The optimum use of Allied’s Mechanical Galvanized Steel Tubing begins with design and installation considerations that take advantage of the superior corrosion protection provided by the triple layer Flo-Coat process.
For in-ground posts, trusses, welded components, and general construction, the following suggestions may greatly improve the product life and cosmetic attractiveness of the tubing.
Based on studies about cement usage, the recommended grouts are Portland cement-based systems. The problem grouts are primarily gypsum-based systems (which may contain a small amount of Portland cement). The Portland cement systems provide good protection for embedded steel due to their high alkalinity (pH). The problem grouts did in some cases have a high pH, due to the presence of some Portland cement; however, the lower amount of Portland cement provides limited protection. This system can completely carbonate sooner, lowering the pH and reducing the corrosion protection. Gypsum-based grouts also pose additional problems because they are slightly soluble in water and can soften when exposed to moisture. This allows water and oxygen to more readily penetrate to the embedded metal. The gypsum-based grouts contain ionic components which can promote corrosion; and if they contain or contact Portland cement and water, they can produce ettringite, an expansive reaction that can lead to cracking, warping or spalling.
The concrete column anchoring the tube should also extend above soil level and pitched on top so water drains away from the column.
Ground anchored or in-ground posts should be sealed from the bottom of the tube to above the soil line with a heavy layer of asphaltum (roofing tar), shrink wrap PVC tube, or heavy waterproof paint.
Consideration in the design process can reduce maintenance and insure cosmetic attractiveness over a longer period.
Slightly pitch or slant (1″ drop per 10 ft. or 0.5° is typical) rectangular or square tube to eliminate standing water or puddling on the tube.
Install watertight caps over all open holes or open the ends of the tube for circulation of air.
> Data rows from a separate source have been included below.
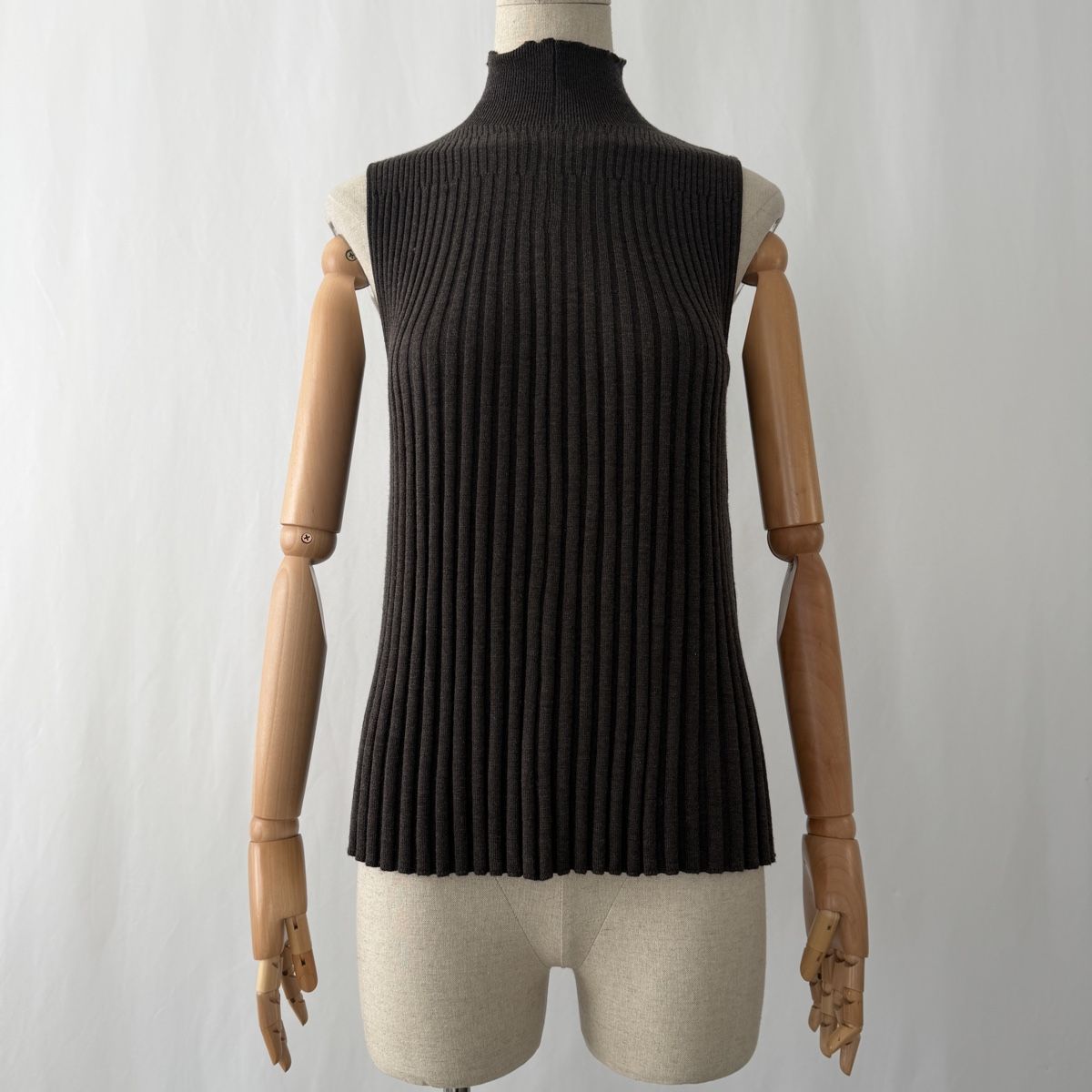 Hemisphere Maglioni & Felpe: HEMISPHERE New Wool Pullover – Nuovo (secondo la descrizione) da Emmen venduto da Colette-Juliette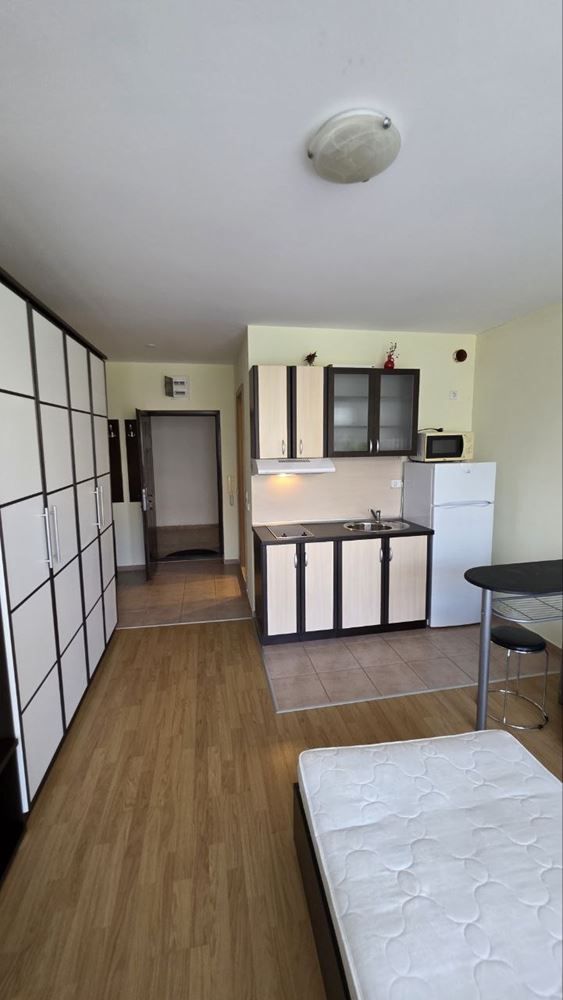 Практичная и уютная студия в Солнечном Берегу – уют и спокойствие с видом на бассейн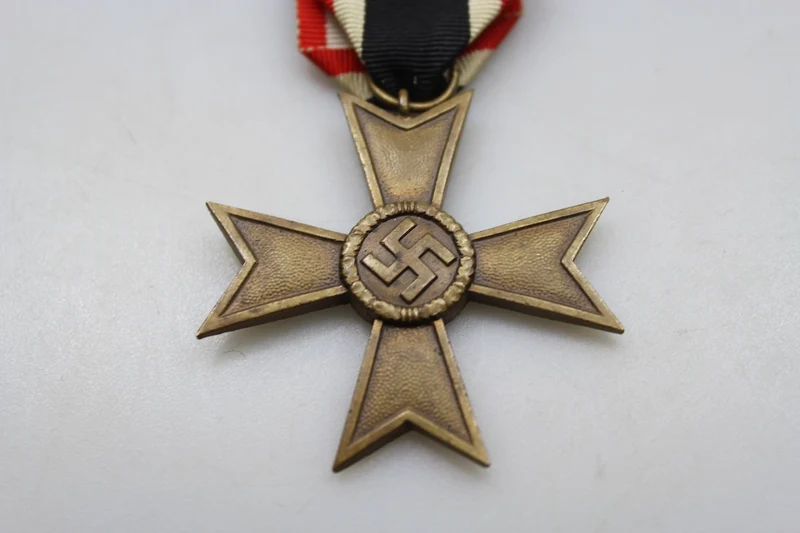 Verdienstkreuz ohne Schwerter II. Klasse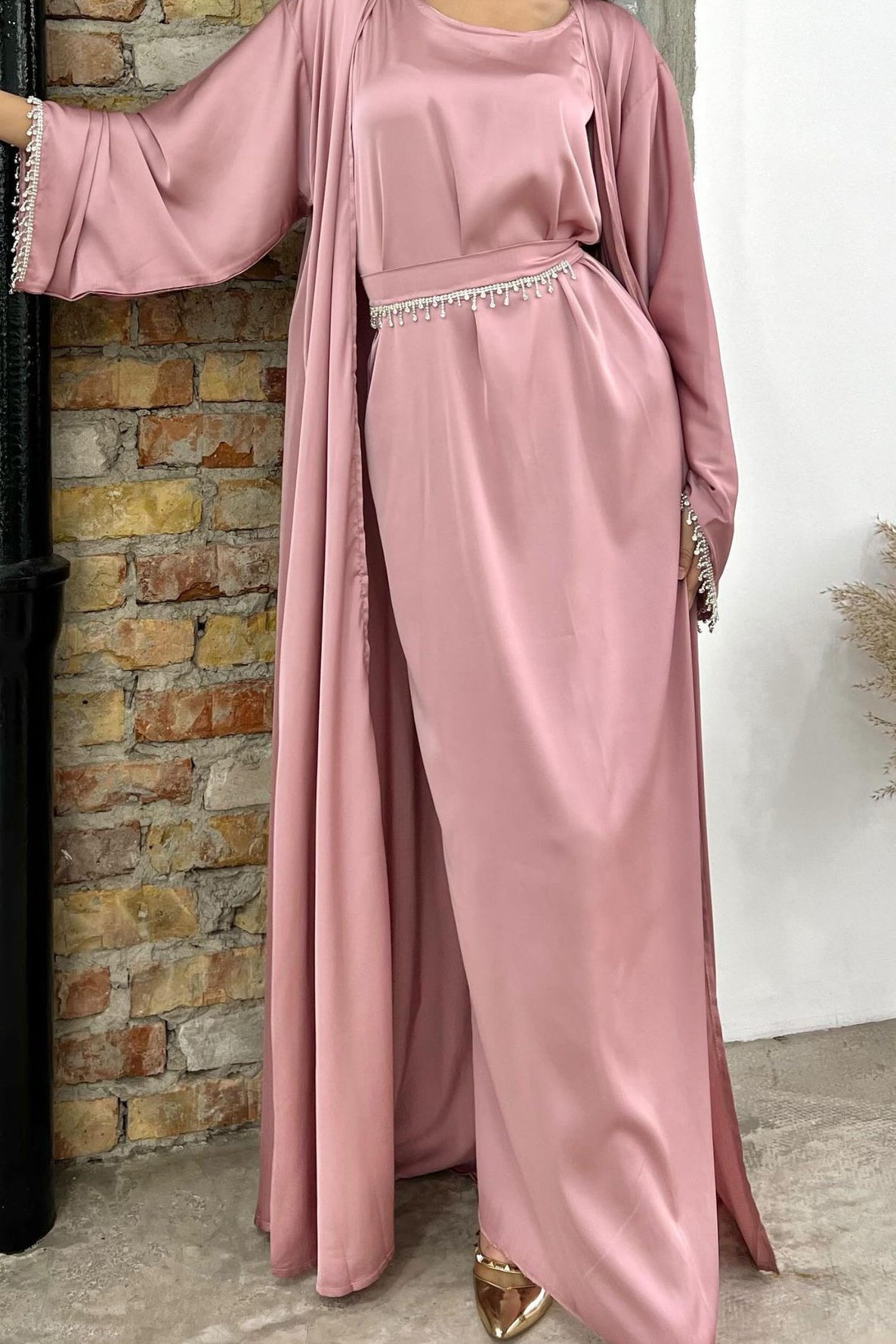 Luna 2PCS Crystal Beads Sleeves Satin Abaya Set with Crystal Chain - Pink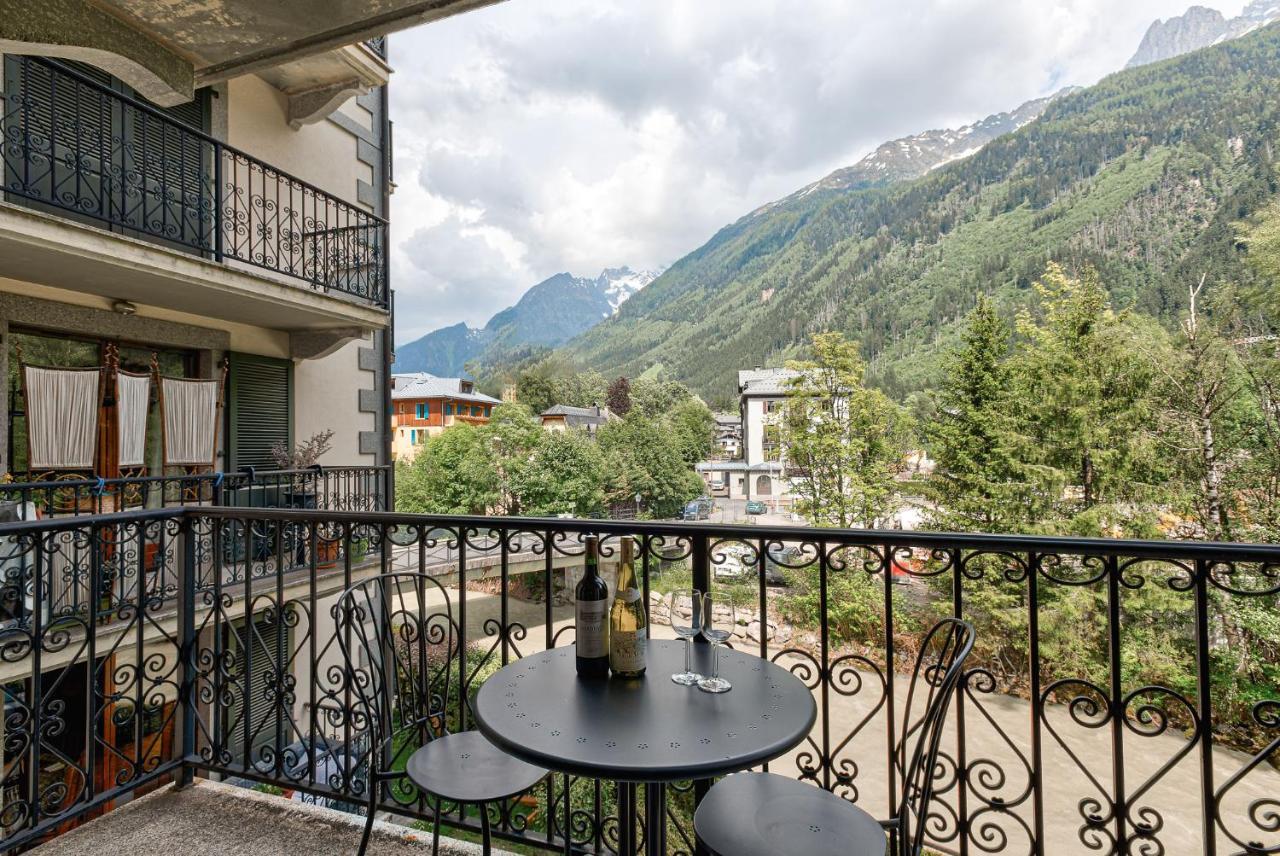 Apartment Cosmiques - Alpes Travel - Central Chamonix - Sleeps 4 Exteriör bild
If open holes or open end tubing cannot be avoided, provide a pitch and drain hole so liquid cannot accumulate on or in the tube.
Where welding is required, use a common carbon steel rod or wire with Allied’s galvanized steel tubing. Provide a hole and spray the inside diameter in the general weld area with a zinc rich primer or cold galvanizing compound to cover and restore corrosion protection, then cap the hole . The cap may be reopened, and the joint inspected and resprayed if necessary at a later date.
Fillet all welds where appropriate, and provide a slight pitch to drain away standing water. Protect the weld by removing all flux, clean the area, and metallize with zinc or apply a zinc rich cold galvanizing compound over the weld and surrounding area. The zinc metallizing and/or cold galvanizing compound should cover both the weld and adjacent burned area until the unaffected galvanized coating is touched. Topcoating the metallizing/cold galvanizing compound surface with a bright aluminum (or any appropriate color) paint will additionally seal the surface.
The use of all galvanized or plastic component hardware on the galvanized tube surfaces will insure no metallurgical reaction between components.
Any closely mating joined parts (such as clamping) should be of materials as noted above and painted or otherwise sealed at the joint to prevent the gap or capillary from holding water.
Note: Ground anchored tubing or in-ground posts should not be buried unprotected below the soil line.